Cost savings and increased quality will allow for greater flexibility in design to respond to the evolving needs of employees due to the pandemic. Before, Vohs says, many organizations looked to provide employees spaces for “focus work” — quiet places to make calls, do research, and write reports. For the future, she sees the workplace as being more open, leaving the closed-door tasks for the home workplace.

“Right now, a lot of my workplace clients are talking about less personal space, and a lot more highly, specifically designed collaboration space,” she says. “It’s a complete change in priorities around collaboration, and being together, and workshops, and just the socialization — the 40% of work that really makes it real.”

She also sees a trend around space that’s more relaxing, with at-home comforts such as art, plants, blankets, and pillows in the meeting spaces — which she has in her workplace.

“I sometimes get asked, ‘what if someone steals them?’ and I think, ‘well, if someone is stealing your blankets, then you’ve got a bigger problem’,” Vohs says with a laugh. “I feel like these softer things change how people feel in a space, and they create opportunities for behavior to be impacted. That is going to be the expectation of the office. It’s more comfortable, it’s softer, it’s a place where you can have more conversations.

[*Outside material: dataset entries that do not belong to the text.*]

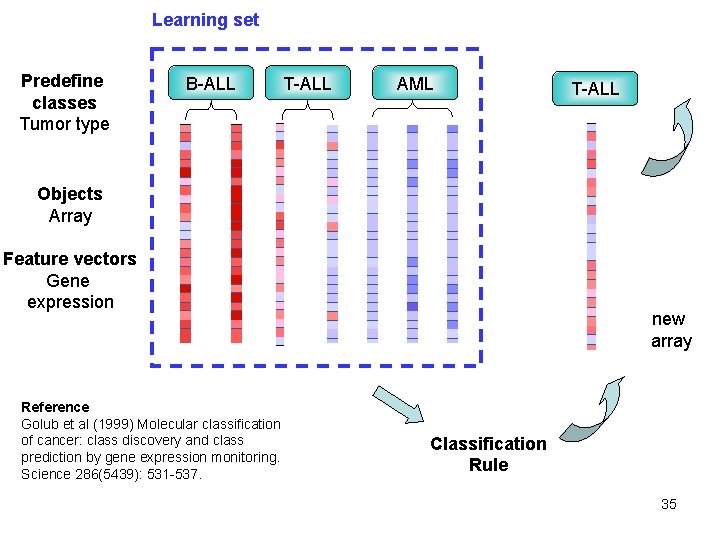 Learning set Predefine classes Tumor type B-ALL T-ALL AML T-ALL ? Objects Array Feature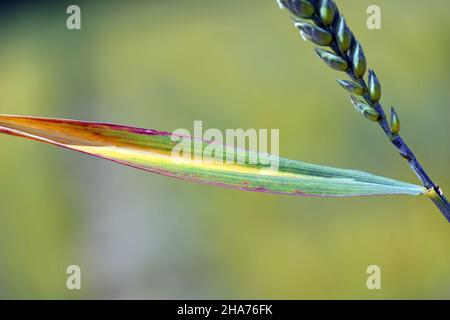 Barley yellow dwarf (BYD) is a plant disease caused by the barley yellow dwarf virus (BYDV). Symptoms - red leaves on wheat. Stock Photo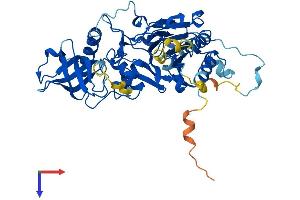 AlphaFold protein structure predicition of Human Recombinant POLD2 Protein, UniprotID P49005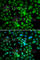 Synaptonemal Complex Central Element Protein 1 antibody, A7218, ABclonal Technology, Immunofluorescence image 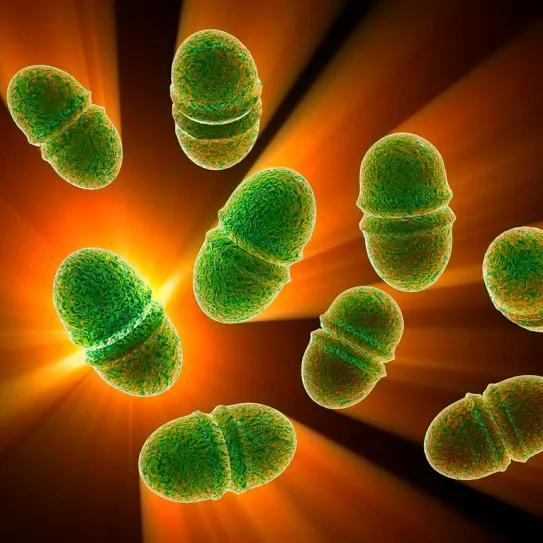 Un estudio prueba CBD contra bacterias Enterococcus resistentes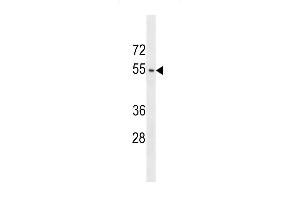 ACTL9 Antibody (N-term) (ABIN1539193 and ABIN2848992) western blot analysis in  cell line lysates (35 μg/lane). (ACTL9 Antikörper  (N-Term))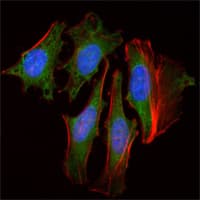 Monoclonal Mouse anti-Human CLOCK Antibody (clone 8F7, IF, WB)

And when people go back to work, they are going to want to have conversations that were never even remotely in the realm of what you talked about at work before. So that takes a different lens of an office. It can’t look like an art museum.”

Photo by Corey Gaffer Photography

The Experience-Based Workplace Culture

The future workplace will not only encourage employees to come together and collaborate, but be the center of the company’s culture and experiences. It will be about the people, not what they produce.

“I think we’re going to be in an experience-based world after this, because this virtual life is really killing us,” she says.

A sign of progress for Vohs is an advertising agency client who decided, amid the pandemic, that its staff experience is more important than the client’s. As a result, the agency moved out of the downtown core and into a larger space with a deck, located in a walkable neighborhood with many restaurants and cafes.

“They said, ‘our clients will be there for us because we’re talented, but our staff is the talent, and so we have to have a space that supports the staff first, client second.’ I have never heard that. It’s radical for an agency,” Vohs says.

“Those are bold decisions that I don’t think outside of COVID I would see. I just would have never expected it,” she adds. “More people are asking, ‘How can our office be something that’s bigger than our office?”